WHAT YOU HAVE TO DO:
Scan the records below for the line with "Safe Operation of" and the line with "Meaning and Perspective", and retype that range exactly, both ends included, pictures excepted.

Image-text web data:
=== Begin Enclosure ===
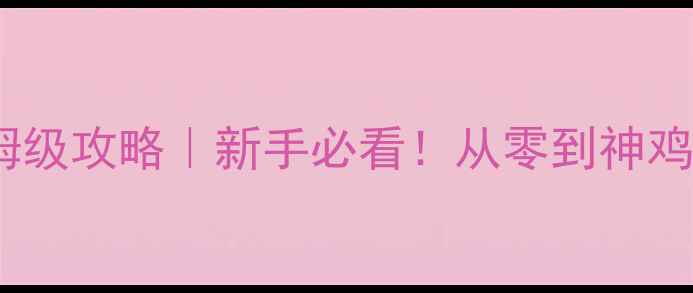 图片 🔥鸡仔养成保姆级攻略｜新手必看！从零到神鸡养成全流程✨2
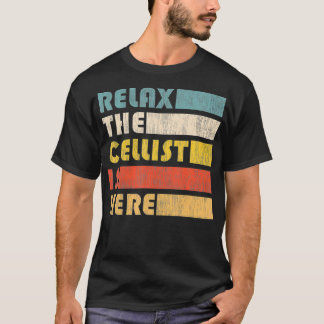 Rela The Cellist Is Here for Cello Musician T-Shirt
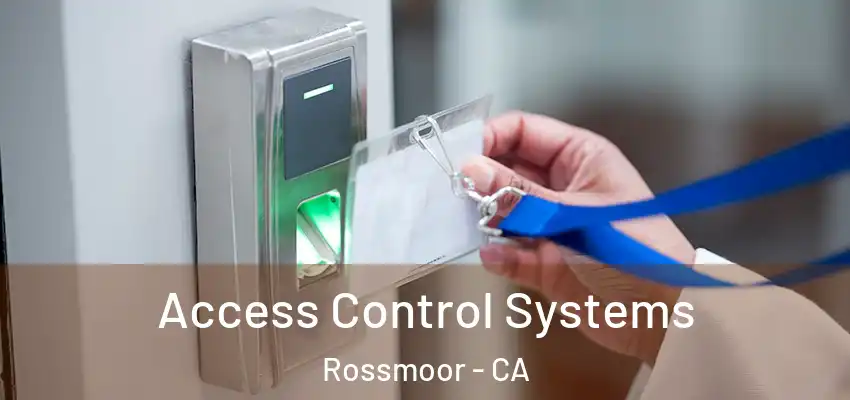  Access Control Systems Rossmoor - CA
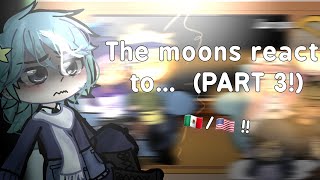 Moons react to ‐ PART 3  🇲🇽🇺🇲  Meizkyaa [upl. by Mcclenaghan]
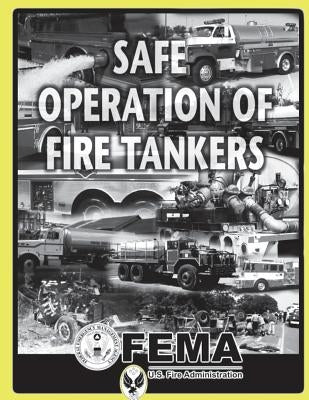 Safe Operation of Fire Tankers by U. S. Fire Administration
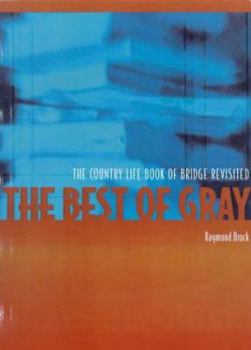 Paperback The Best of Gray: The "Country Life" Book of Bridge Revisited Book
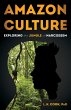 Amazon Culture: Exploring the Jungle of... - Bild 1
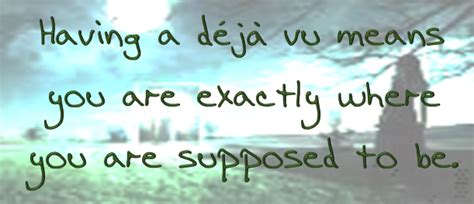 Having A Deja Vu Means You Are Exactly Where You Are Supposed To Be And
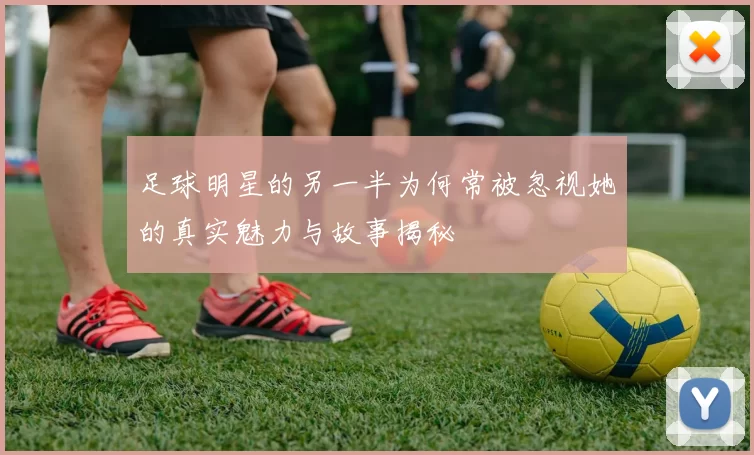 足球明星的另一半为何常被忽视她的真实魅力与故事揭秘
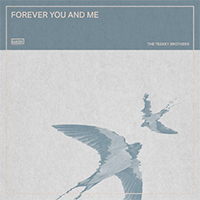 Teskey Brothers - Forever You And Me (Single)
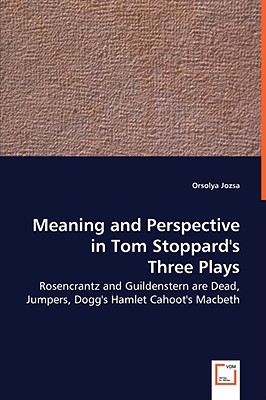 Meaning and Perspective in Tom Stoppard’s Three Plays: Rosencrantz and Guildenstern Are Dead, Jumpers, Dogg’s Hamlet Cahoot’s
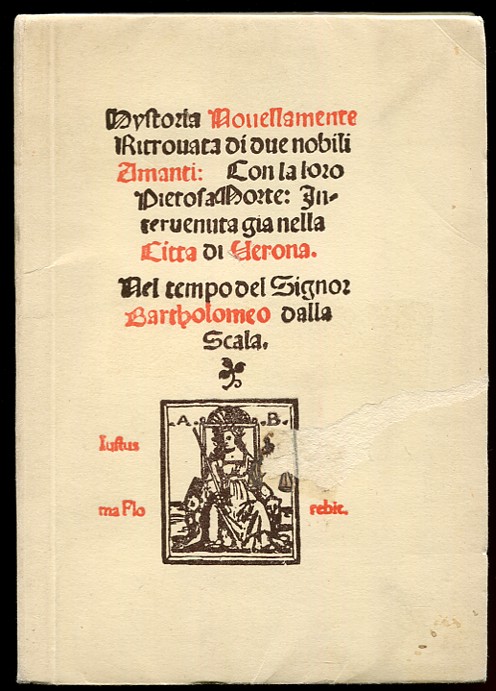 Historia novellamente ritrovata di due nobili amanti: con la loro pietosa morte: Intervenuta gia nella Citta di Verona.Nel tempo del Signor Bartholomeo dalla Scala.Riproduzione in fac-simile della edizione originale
=== End Enclosure ===
OUTPUT OF THE TASK:
 Safe Operation of Fire Tankers by U. S. Fire Administration
 Paperback The Best of Gray: The "Country Life" Book of Bridge Revisited Book
 Amazon Culture: Exploring the Jungle of... - Bild 1
 Having A Deja Vu Means You Are Exactly Where You Are Supposed To Be And
 足球明星的另一半为何常被忽视她的真实魅力与故事揭秘
 Teskey Brothers - Forever You And Me (Single)
 Meaning and Perspective in Tom Stoppard’s Three Plays: Rosencrantz and Guildenstern Are Dead, Jumpers, Dogg’s Hamlet Cahoot’s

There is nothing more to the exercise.